Noi osservatori terzi possiamo chiedergli solo conservare il suo rigore scientifico e la sua indipendenza quando dovrà (e sicuramente dovrà) chiedere ai vari costruttori correzioni e miglioramenti nei loro progetti. L'idea che tanto rendeva attraente il nome di Veronesi è che il senatore Pd potesse rappresentare un ponte per assicurare un futuro bipartisan al progetto. Non ha retto alla prova dei fatti, ma Bersani, ed è la conseguenza più triste di tutta la vicenda, non è uscito dall'ambiguità di fondo.
Nella controreplica a Veronesi il segretario comincia con una bella dose di "benaltrismo"
"Ce n'è da fare di cose sull'energia, ma la strada è un'altra da quella che il governo sta prendendo. Quindi a Umberto Veronesi ho detto: professore, massimo rispetto per le sue scelte e la nostra stima lei ce l'ha tutta, senza meno, ma il rischio è di fornire alibi a un piano velleitario e inconcludente"

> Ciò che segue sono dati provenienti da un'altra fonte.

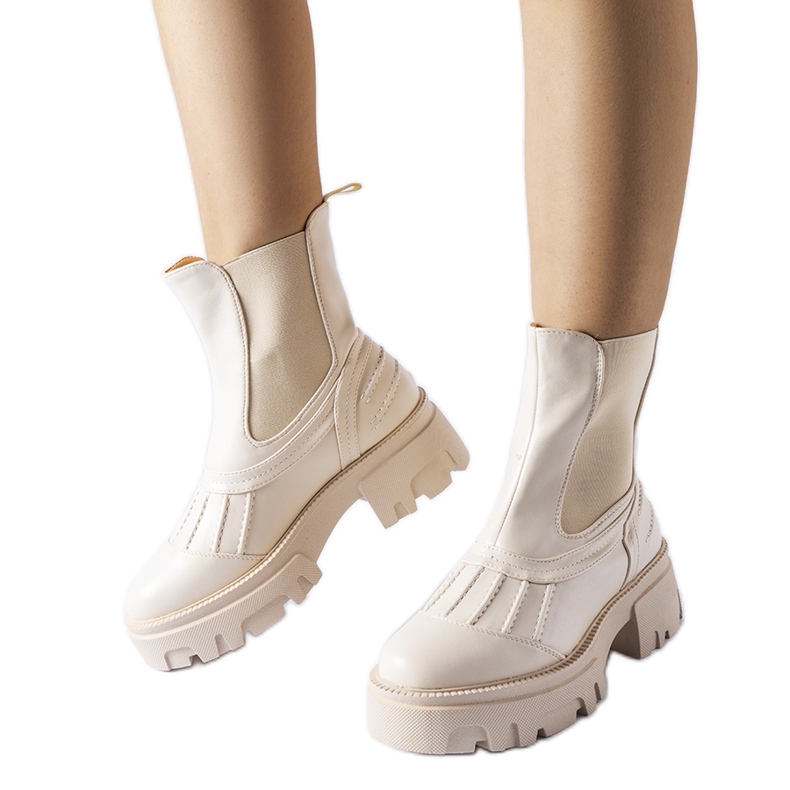 Operai Carruba isolati in massa beige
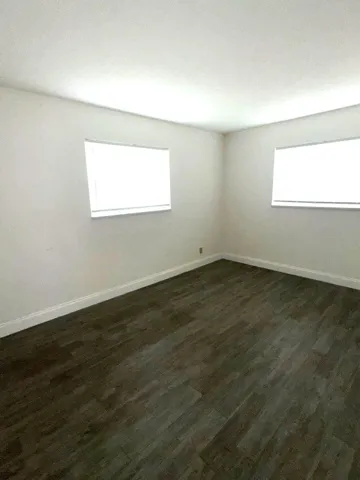 Bedroom 21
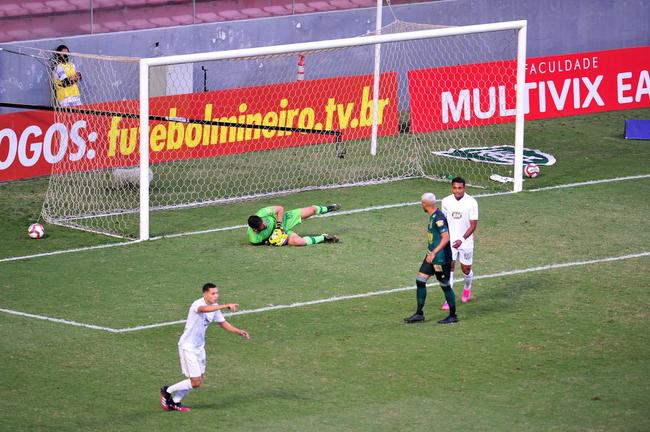 Fotos do jogo entre Amrica e Cruzeiro, pela semifinal do Mineiro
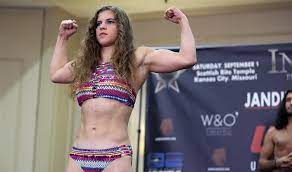 Miranda maverick, with official sherdog mixed martial arts stats, photos, videos, and more for the flyweight fighter from. Miranda Maverick On Octagon Debut At Ufc 254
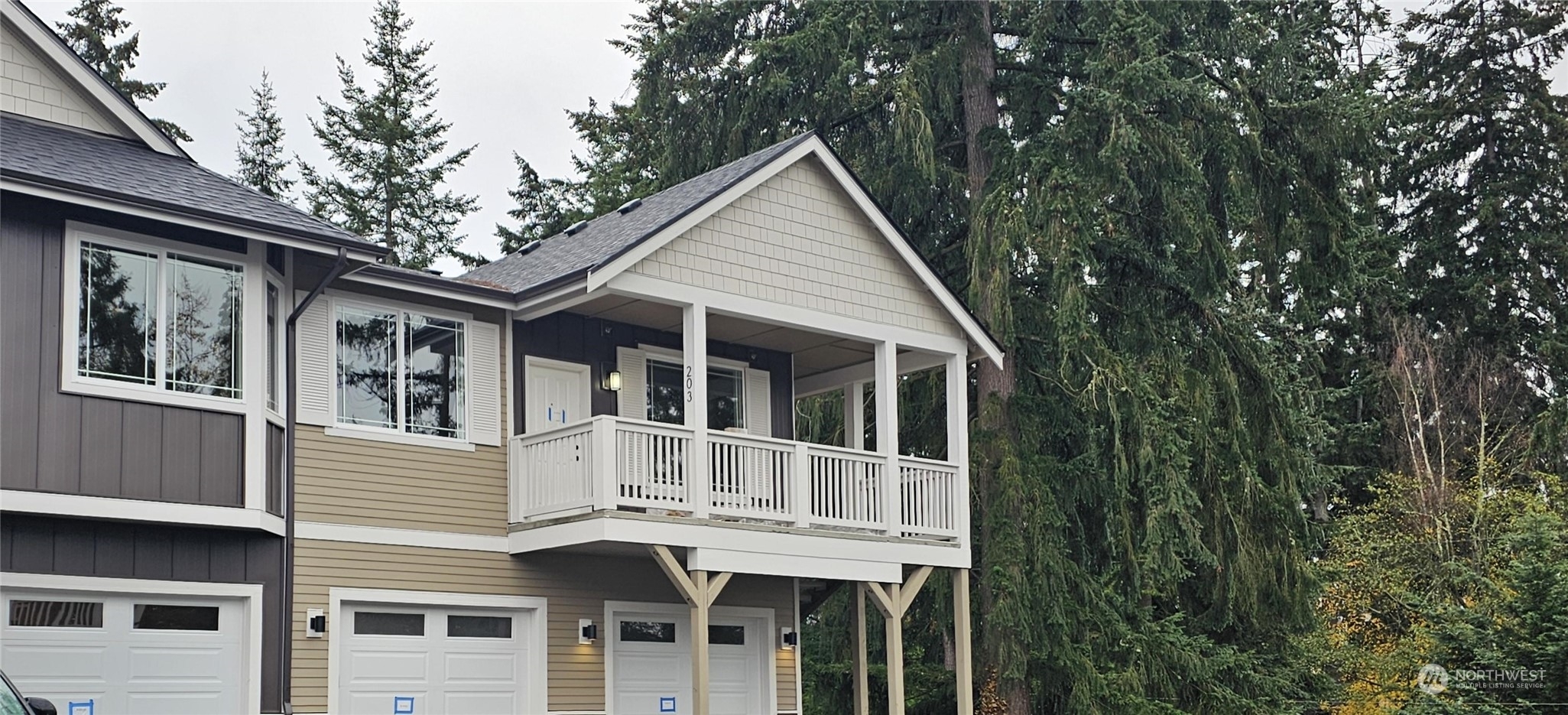 Property Photo:  4002 10th Street SE B-204  WA 98374 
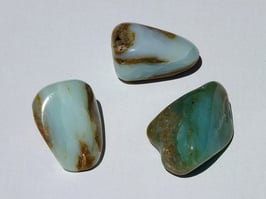 Opale des Andes bleue en pierres roulées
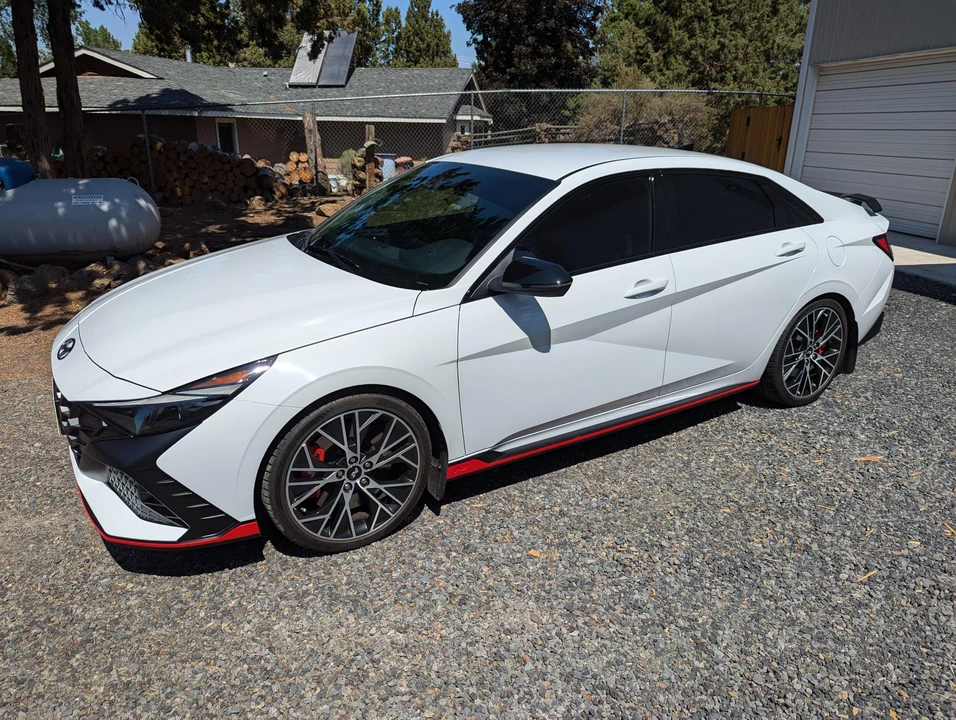 2023 Hyundai Elantra - Image 12 of 31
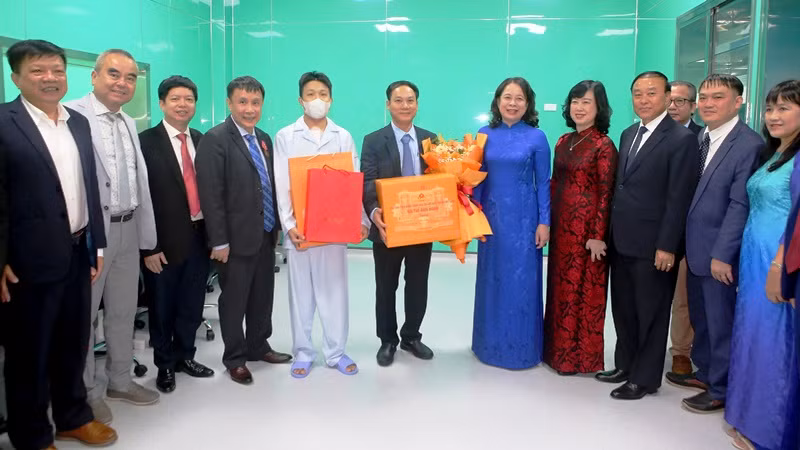 Phó Chủ tịch nước Võ Thị Ánh Xuân và Bộ trưởng Đào Hồng Lan đã đến thăm, tặng quà cho bệnh nhân và ê-kíp ghép tim xuyên Việt thứ 14 thành công tại bệnh viện. Phó Chủ tịch nước Võ Thị Ánh Xuân và Bộ trưởng Đào Hồng Lan đã đến thăm, tặng quà cho bệnh nhân và ê-kíp ghép tim xuyên Việt thứ 14 thành công tại bệnh viện.
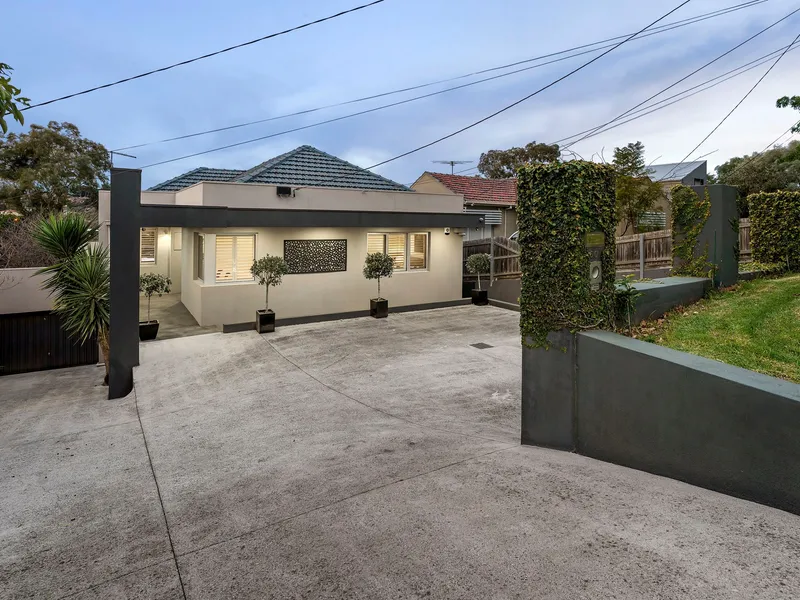 FORTHCOMING AUCTION: Hillsyde Haven: Where Living Reaches New Heights!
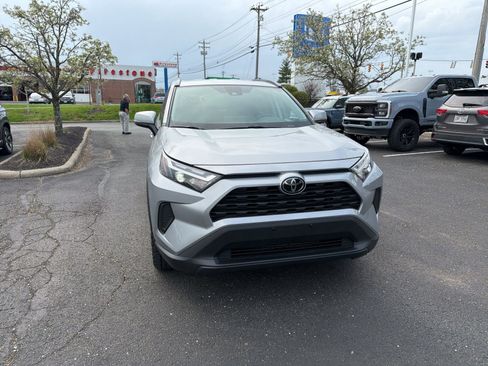 Used 2023 Toyota RAV4 XLE image 22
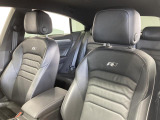 無段階調整式パワーシート 正しい乗車姿勢によって運転のしやすさと、万が一の際に乗員保護能力を最大限に高めます。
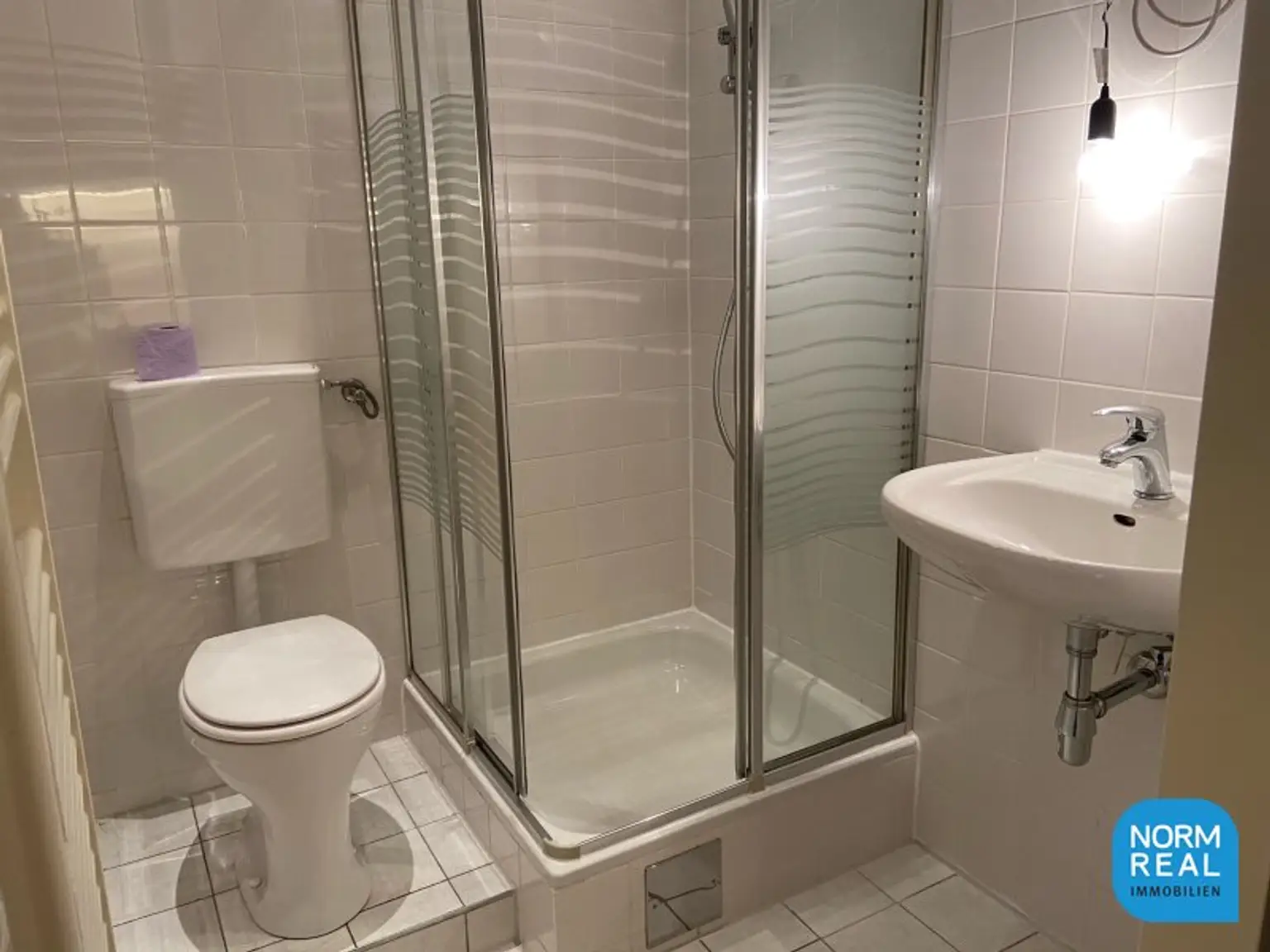 Bad Dusche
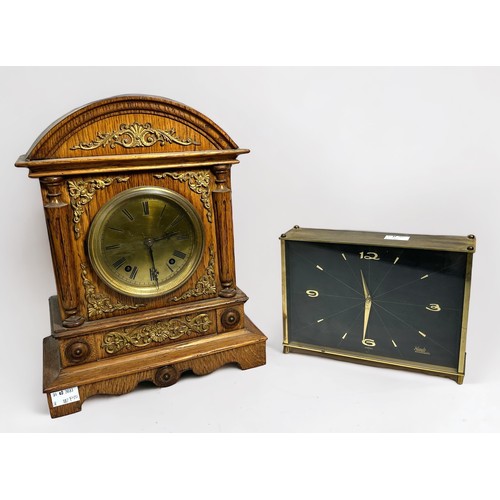 386 - An Edwardian oak-cased mantel clock, with eight-day spring driven movement striking a gong, brass di... 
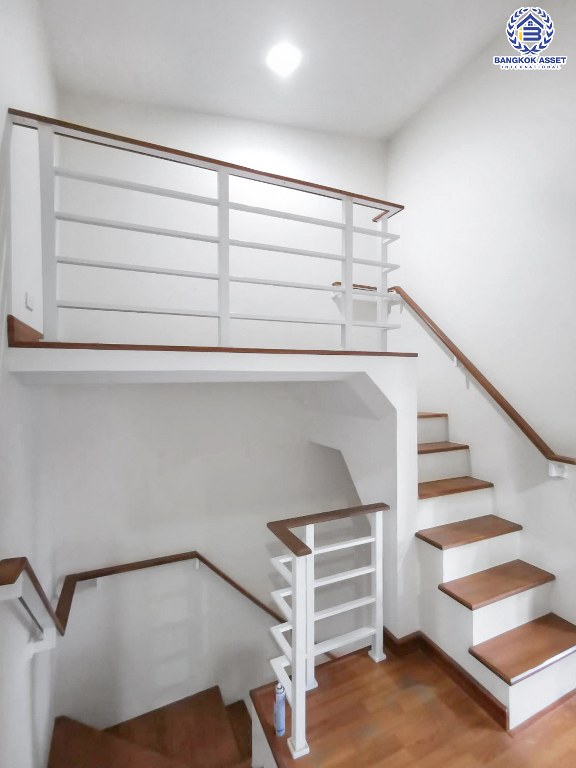 ทาวน์เฮ้าส์มือสอง ม.โกลเด้นท์ทาวน์ วัชรพล-สุขาภิบาล5 พร้อมอยู่ เนื้อที่ 21.2 ตร.ว. ฟังก์ชั่นให้มากถึง 4 ห้องนอน 3 ห้องน้ำ 2 ที่จอดรถ พร้อมส่วนกลางครบครัน บนทำเลศักยภาพ หน้าจุดขึ้นลงทางด่วนสุขาภิบาล 5 สะดวกในการเดินทางเข้าสู่ใจกลางเมืองได้อย่างรวดเร็ว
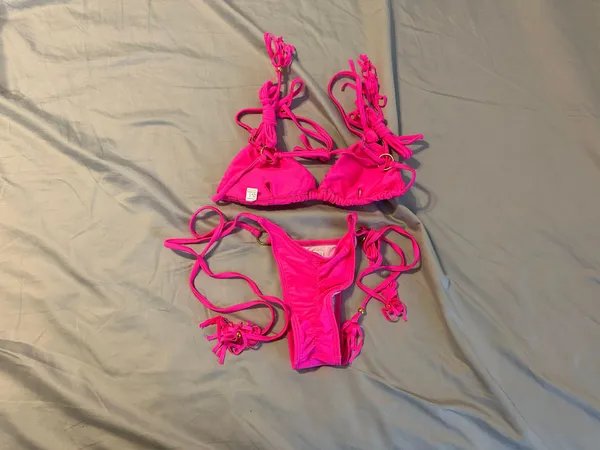 Boutique 2 Piece Pink Bikini Wrap Around Tie Top & Side Tie Bottoms - Image 6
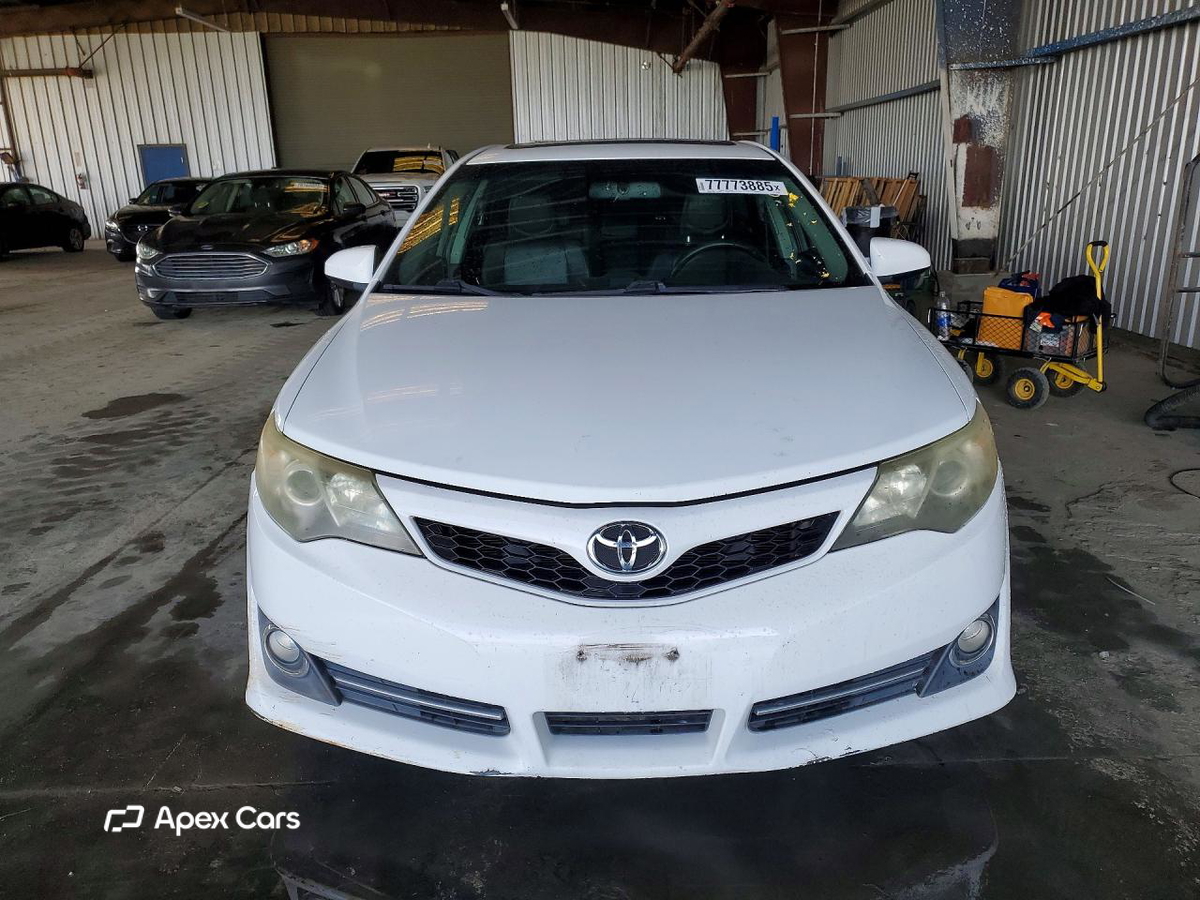 Toyota Camry 2012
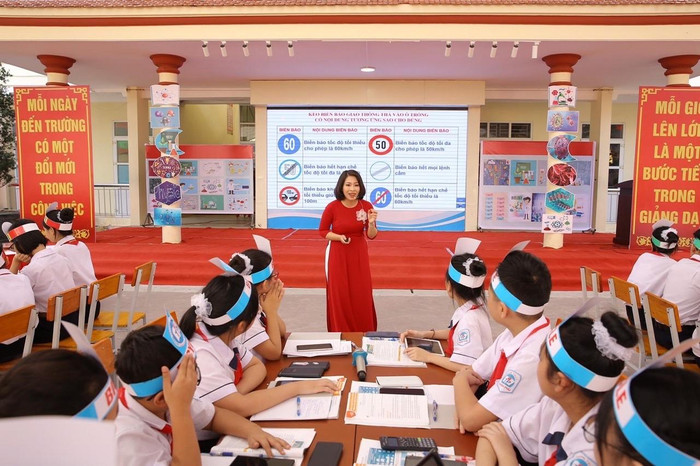 Tiết dạy “Thảo luận về sự ảnh hưởng của tốc độ trong an toàn giao thông” do cô giáo Nguyễn Thị Thu Thủy và các em học sinh lớp 7C1 Trường Trung học cơ sở Trần Phú thực hiện (Ảnh: LT) Tiết dạy “Thảo luận về sự ảnh hưởng của tốc độ trong an toàn giao thông” do cô giáo Nguyễn Thị Thu Thủy và các em học sinh lớp 7C1 Trường Trung học cơ sở Trần Phú thực hiện (Ảnh: LT)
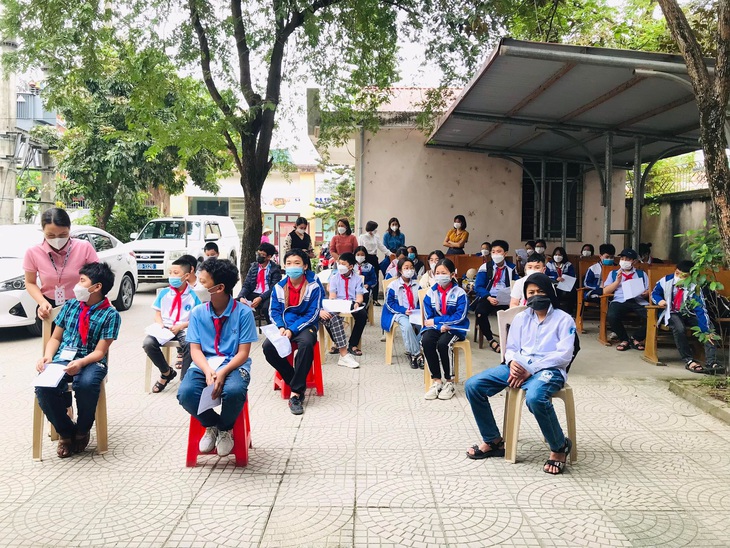 Thanh Hóa: Ngày đầu tiên tiêm vaccine phòng COVID-19 cho trẻ diễn ra an toàn - Ảnh 2. Thanh Hóa: Ngày đầu tiên tiêm vaccine phòng COVID-19 cho trẻ diễn ra an toàn - Ảnh 2.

ma non arriva a dichiararsi contrario
"È giusto che l'Italia si infili nella prospettiva e nella tecnologia della ricerca sul nucleare. Ma il programma del governo Berlusconi è di approssimazione totale".
Ma allora non sarebbe stato meglio benedire Veronesi investendolo del compito di porre un freno a quell'approssimazione o quantomeno portare un po' di trasparenza? Sembra di no, anche perchè il Pd non si è spostato dal suo programma elettorale del 2008 e le centrali nucleari non sono previste. Su questo punto Bersani non sembra voler essere diverso da Veltroni se non per qualche sfumatura che rende tutto ancora meno chiaro.